REQUIRED ACTION |
Without any of the pictures, transcribe all the lines below exactly.

Short web captions
________________________________________

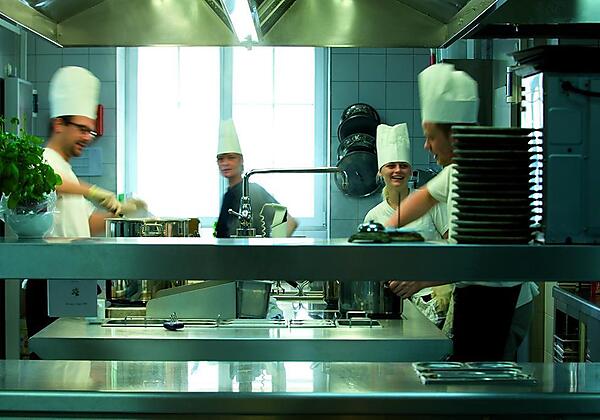 Goldener Fisch Küche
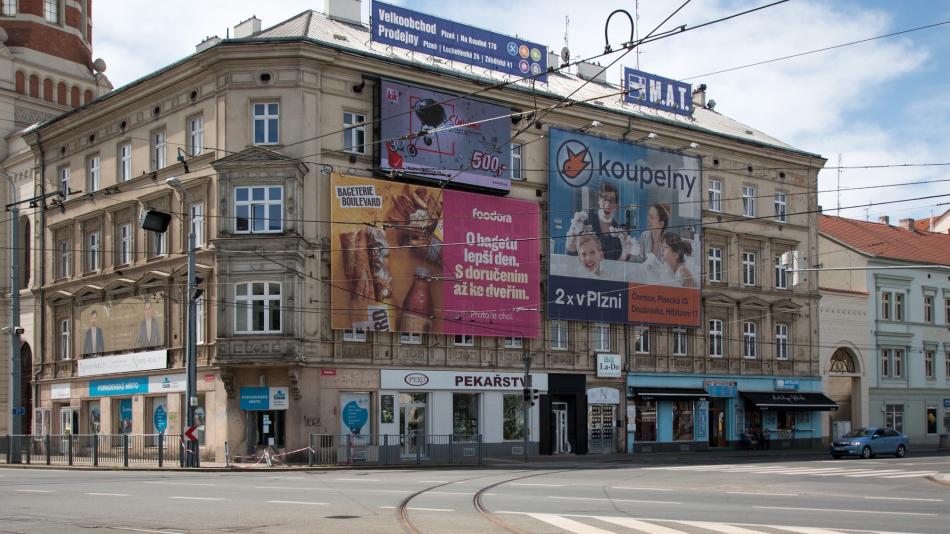 Konec přebujelé reklamy v centru Plzně! Město stanovilo nová pravidla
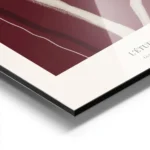 affiche abstraite rouge no1 avec des lignes claires sur fond rouge fonce et text aluminium.webp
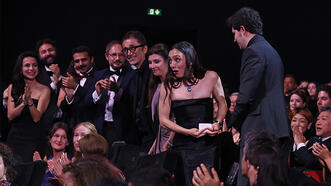 Merve Dizdar Cannes'da en iyi kadın oyuncu ödülünü aldı! Ünlülerden tebrik mesajları yağdı
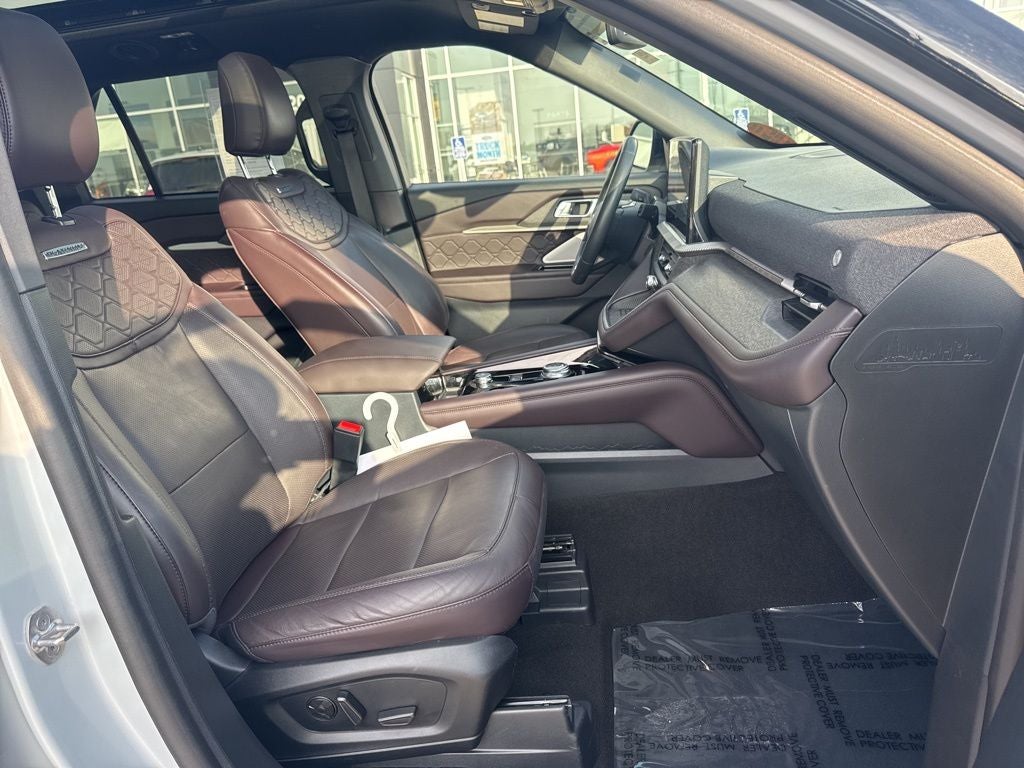 2025 Ford Explorer Platinum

________________________________________

RESPONSE TO THIS EXERCISE |
 Goldener Fisch Küche
 Konec přebujelé reklamy v centru Plzně! Město stanovilo nová pravidla
 affiche abstraite rouge no1 avec des lignes claires sur fond rouge fonce et text aluminium.webp
 Merve Dizdar Cannes'da en iyi kadın oyuncu ödülünü aldı! Ünlülerden tebrik mesajları yağdı
 2025 Ford Explorer Platinum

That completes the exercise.